Micro Programmed Arithmetic Processor
My Electrical Engineering
fourth year project was the design of a 'Micro Programmed Arithmetic Processor' capable of division and multiplication, for the project course ELG4905 in the winter semester of 1995. Professor Krieger asked me to build the micro programmed processor in order to demonstrate the capabilities of such a device to the students of ELG2181. Part of the students' laboratory will be devoted to experimenting with the hardware implementation which I created.
There is a Detailed Design (DD) document for the project available in postscript
The following is a picture of me with my logic probe during the construction phase of this project.
Me and my logic probe
The device is a digital trainer that will allow the students of ELG2181 to experiment with a micro programmed processor. The trainer demonstrates the potential of the micro programmed processor showing how such a device would be designed to execute not only simple functions such as add and subtract, yet also much more complex ones such as multiply and divide.
I designed it to be able to act as a 'math coprocessor' which will execute an operation and flag the main processor when the requested instruction has completed.
The second board before wire wrapping
This is the bottom view of the second board just before wire wrapping. The LEDs and switches were added first, then the sockets were soldered to the board. The next step was to connect the pins together using wire wrap.
Integrating the boards together
Luckily I had a wire wrap power tool to assist me, which can be seen in the bottom right corner of this picture. Thanks go out to our lab tech Mitch for lending it to me. Otherwise it would have taken many times longer using the hand tool. Of course this would still have been a hundred times faster than attempting to connect it with just solder and wire!
The trainer was implemented using 55 TTL chips and used over one hundred square inches of proto board.

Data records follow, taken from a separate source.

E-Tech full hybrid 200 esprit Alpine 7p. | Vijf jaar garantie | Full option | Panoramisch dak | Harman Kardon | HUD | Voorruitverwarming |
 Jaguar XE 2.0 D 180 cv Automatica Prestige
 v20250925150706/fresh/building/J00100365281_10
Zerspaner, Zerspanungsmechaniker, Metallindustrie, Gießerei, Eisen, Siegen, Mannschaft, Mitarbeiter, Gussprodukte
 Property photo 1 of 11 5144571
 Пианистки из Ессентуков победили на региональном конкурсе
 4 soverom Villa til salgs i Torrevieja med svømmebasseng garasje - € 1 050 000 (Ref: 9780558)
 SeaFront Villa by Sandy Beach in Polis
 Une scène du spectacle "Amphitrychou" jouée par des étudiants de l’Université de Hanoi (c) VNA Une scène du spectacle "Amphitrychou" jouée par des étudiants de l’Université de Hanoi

The design was simulated using Beige Bag's
'B2Logic 3.0' digital simulation software.
Some of the features of the processor include:
- accumulator register
- 'built-from-scratch' 4-bit ALU
- status register
- 256 by 16 bit capable microcode
- able to execute both multiply and divide
The first board after being wire wrapped
This picture shows the completed wire wrap connections for the first board. There are over 500 connections for this board and around 2000 for the entire project.
Yes, that's me holding my completed baby!
This is me holding the completed hardware implementation. You can see more detail in the next photo.
Side profile of the finished product
This picture shows the side profile of the trainer. The left side of the picture shows where the student would operate the clock and instruction inputs (dip switches). There are various LEDs and switches throughout. A half inch thick piece of plexiglass was used as a base for the boards. Hopefully this will provide some shock absorption in case it is dropped.
High level view of the complete schemetic
To print out the entire design requires nearly 40 pages (12 just for the 4 bit ALU!). Here is a 'compressed' view (without the detailed ALU).
I also designed a Windows based GUI simulator
which gives students the ability to work with the trainer without the need to go into the lab. It is available for download
. Uncompress the zip file and then run setup.exe
in Windows (3.x, 95 and 98). It will create a directory and a program group automatically. It provides a GUI that looks just like the hardware version, even with switches and colourful LEDs!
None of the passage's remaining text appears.